# pasada / mala pasada



## Argótide

*pasada*. *17. *f. coloq. Mal comportamiento de una persona con otra. _Una mala pasada._ 


Me intriga esta acepción que el DRAE da de "pasada". ¿No es un error?  Una pasada no es mal comportamiento, según tengo entendido (al contrario, una pasada es algo positivo, ¿no?).  Si es "mala pasada", entonces sí.  Creo que esta entrada debería ir así:

*pasada*
*mala **~*.  f. coloq. Mal comportamiento de una persona con otra. _Una mala pasada._ 

¿Están de acuerdo conmigo?

Por cierto, en el DRAE falta precisamente esa acepción positiva de "pasada" que conozco.


----------



## ToñoTorreón

¿Cómo usas tú pasada? Si alguien dice "me hizo/jugó una pasada" yo entendería que es una mala pasada. Tal vez sea algo regional, no sé.


----------



## Víctor Pérez

En efecto, *Argótide*, algo de razón parece que tienes ya que el DRAE limita a Cuba lo que tú llamas algo positivo, principalmente la segunda acepción:



> *pasado, da.*
> (Del part. de _pasar_).
> 
> 1. adj._ Cuba._ Dicho de una persona: Muy inteligente.
> 2. adj._ Cuba._ Dicho de una cosa: De buena calidad.
> 3. adj._ Cuba._ Dicho de una mujer: Atractiva y de formas exuberantes.
> 
> _Real Academia Española © Todos los derechos reservados_


 
Ejemplos de _pasadas positivas_, *Toño *(al menos, en España):

*El concierto de anoche fue una pasada.*
*Este coche es una pasada.*


----------



## ToñoTorreón

¿Y qué significa en esos casos? Yo nunca lo había oído.


----------



## lamartus

Hola:
Espero que a Víctor no le importe que responda, Toño.
En los ejemplos que pone significa que es algo estupendo, que está muy bien o si lo prefieres "cojonudo" sería el sinónimo que creo más cercano en ambos casos (a no ser que también lo usemos de distinta manera) .
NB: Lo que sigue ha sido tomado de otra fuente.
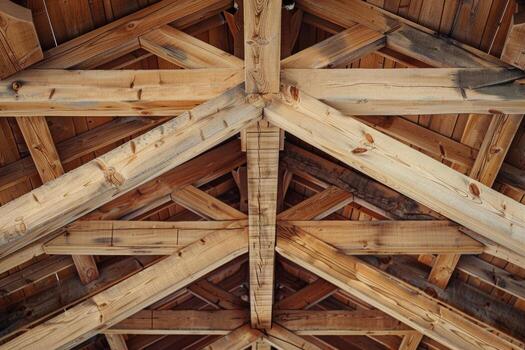 Structural wooden beams and temporary flooring at building site. Authentic construction progress image showing skeleton of future structure photo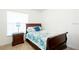 This bedroom features a single bed, lamp and a nightstand, with natural lighting at 1602 Taylor Lake Cir, Largo, FL 33778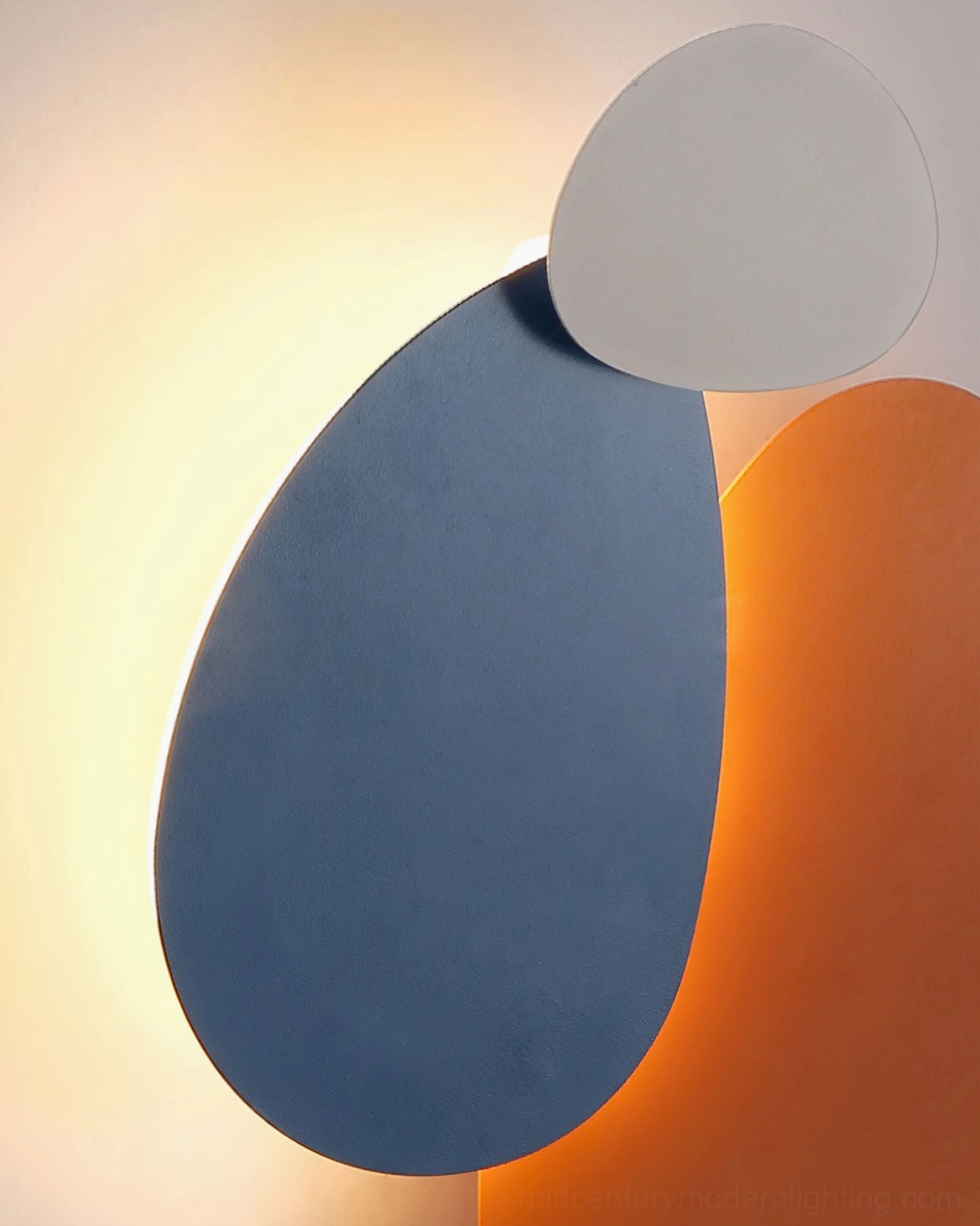 Close-up detail of Tria wall lamp showing smooth rounded pebble-shaped edges and warm backlit surface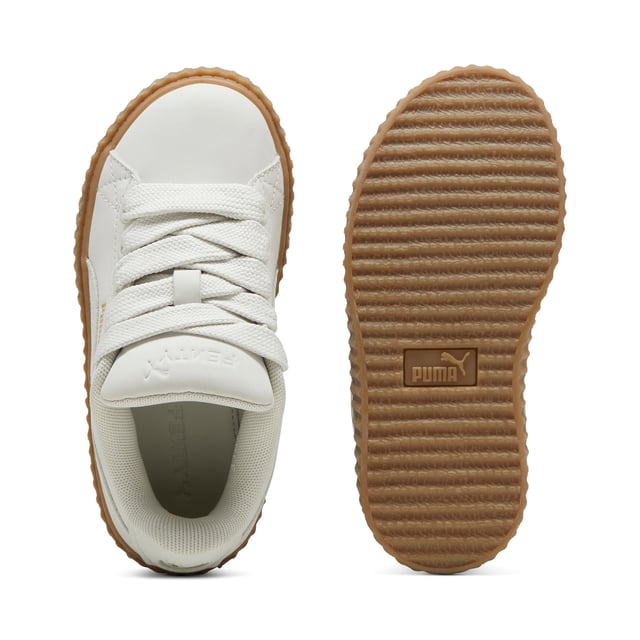 PRODUCT STORY: Rihanna and PUMA get down to earth with the Creeper Phatty Earth Tone. Made with luxe, high-quality nubuck, the new FENTY x PUMA Creeper Phatty stands out while blending in with soft, natural colors. Touches of gold and the classic Creeper sole elevate this new drop from Rihanna.DETAILS: Leather upper; Lace closure; Ribbed gum midsole; Gum outsole; PUMA Kids: Recommended for young kids between 4 and 8 years.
También lo usamos en sentido negativo. Por ejemplo:

- Lo que le está pasando es una pasada.
- Me parece una pasada que te hagan estar allí hasta dentro de dos días.

Dependiendo del contexto puede ser bueno o malo. ¡Uf! Mira que usar la misma palabra para ambas cosas ¡qué raros somos! 

Saludos a todos y espero que alguien ayude a clarificar esto un poco más.


----------



## Víctor Pérez

Víctor Pérez said:


> Ejemplos de _pasadas positivas_, *Toño *(al menos, en España):
> 
> *El concierto de anoche fue una pasada.*
> *Este coche es una pasada.*


 


ToñoTorreón said:


> ¿Y qué significa en esos casos? Yo nunca lo había oído.


 
Cuando decimos que algo es una pasada, significa que está muy bien. 

Jugarle a alguien una mala pasada es hacerle una jugarreta, una putada.


----------



## Argótide

lamartus said:


> También lo usamos en sentido negativo. Por ejemplo:
> 
> - Lo que le está pasando es una pasada.
> - Me parece una pasada que te hagan estar allí hasta dentro de dos días.
> 
> Dependiendo del contexto puede ser bueno o malo. ¡Uf! Mira que usar la misma palabra para ambas cosas ¡qué raros somos!
> 
> Saludos a todos y espero que alguien ayude a clarificar esto un poco más.


 
Ese "pasada" negativo es como decir que algo es excesivo, exagerado ¿no?  Aunque tus ejemplos no son muy claros...  se necesitaría algo más de contexto para entender por qué es una pasada.


----------



## María Madrid

Por añadir un matiz, en el uso coloquial que en España hacemos del término pasada en muchas ocasiones se limita hacer hincapié en que algo es extremadamente... lo que sea. Por eso no es ni positivo ni negativo de por sí. 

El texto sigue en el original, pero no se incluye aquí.